Okay, let's set the record straight. We’ve had our negative sentiments about the Acura RLX for some time. We haven't exactly been shy about it either, having sent it to the crusher not once, but twice—the second instance coming after Acura loaned us one in order to see if that’s really how we felt. It’s not that the RLX is a bad car, it’s just that as a flagship, it outlines a character for Acura that we don’t think resonates well with customers. Unfortunately, sales numbers back us up.
The reason it’s unfortunate is because you can tell how much work Acura put into the RLX, making the hardware as bulletproof as you'd expect out of a Honda Accord that'll last past the 250,000-mile mark and keep going despite the RLX having luxury toys that end up being weak points for reliability in other like cars.
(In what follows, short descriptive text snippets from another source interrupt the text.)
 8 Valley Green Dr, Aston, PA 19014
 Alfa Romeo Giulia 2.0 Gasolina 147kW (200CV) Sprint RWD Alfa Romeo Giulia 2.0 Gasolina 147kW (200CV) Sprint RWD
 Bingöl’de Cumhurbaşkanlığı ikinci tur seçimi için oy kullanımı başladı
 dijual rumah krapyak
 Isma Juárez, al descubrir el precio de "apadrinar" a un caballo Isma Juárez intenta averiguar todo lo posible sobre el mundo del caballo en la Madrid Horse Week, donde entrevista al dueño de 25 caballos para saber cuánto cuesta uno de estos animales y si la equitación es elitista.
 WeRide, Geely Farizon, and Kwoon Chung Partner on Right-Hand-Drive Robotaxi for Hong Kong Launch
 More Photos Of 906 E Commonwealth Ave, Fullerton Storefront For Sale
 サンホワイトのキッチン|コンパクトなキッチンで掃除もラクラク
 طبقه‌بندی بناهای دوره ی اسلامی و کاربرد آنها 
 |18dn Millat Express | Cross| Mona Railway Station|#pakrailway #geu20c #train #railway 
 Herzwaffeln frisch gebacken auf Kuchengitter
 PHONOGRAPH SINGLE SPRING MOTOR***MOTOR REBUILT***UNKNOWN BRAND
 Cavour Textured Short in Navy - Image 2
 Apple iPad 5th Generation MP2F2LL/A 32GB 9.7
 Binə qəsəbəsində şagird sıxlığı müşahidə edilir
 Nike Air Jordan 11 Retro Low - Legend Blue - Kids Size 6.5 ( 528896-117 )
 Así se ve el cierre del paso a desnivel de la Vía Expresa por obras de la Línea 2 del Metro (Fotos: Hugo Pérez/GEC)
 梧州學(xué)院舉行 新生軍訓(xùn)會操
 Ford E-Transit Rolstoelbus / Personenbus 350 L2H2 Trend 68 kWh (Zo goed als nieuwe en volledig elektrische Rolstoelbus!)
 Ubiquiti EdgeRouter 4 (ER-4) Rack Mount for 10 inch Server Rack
However, Acura realizes that being the nice guy or girl doesn't always attract the significant other, and to avoid finishing last, it has just refreshed the RLX and will send a copy to Monterey Auto Week to aggressively market to the high-end crowd. The newfound boldness embodied in the diamond pentagon grille is part of Acura’s new push for more a modern and radical design that it hopes will attract customers.
Previously, Infiniti and Lexus built subdued-looking cars and it wasn’t until designers got wild with their lines that the pace at the factory had to be picked up. Acura would love that problem and its new nose is an attempt at that. Aside from the front end, not much else changes on the aesthetic side of things aside from the sculpted hood, new wheels, LED taillights, dual exhaust finishers, and a gloss black rear diffuser. Three new exterior colors are also available for order and the interior gets upgraded touchpoints as well as redesigned seats. Mostly, we’re interested in the hardware because the RLX packs an NSX punch if the owner spec's it the right way.
Buyers not satisfied with the 3.5-liter V6 pushing 310 horsepower to the front wheels via a 10-speed auto can opt to keep that engine but supplement it with a three-motor hybrid system that turns the RLX into an all-wheel drive machine. Two of the motors are responsible for propelling the back wheels while a third sends power to the front by pumping torque through the transmission. That increases total system output to 377 horsepower and, together with the standard four-wheel steering system, makes the RLX a joy to drive for the long haul. Everything else you can think to need is probably bundled under the AcuraWatch suite of drive aids.
That umbrella covers everything including lane-keep assist, adaptive cruise control, Traffic Jam Assist (extends cruise control so that it works in stop and go traffic), and automatic emergency braking. Buyers who spring for the hybrid model are treated to a premium Krell sound system, parking sensors, for lights, remote start, heated and cooled front seats with heated rears, and a surround view camera to go with the additional horsepower. Prices haven't been announced yet and will be as the car's November release date approaches. It seems Acura may have pulled together the RLX right this time, or so we hope. All we needed was evidence that our $60k+ was going towards something other than the drivetrain and quality.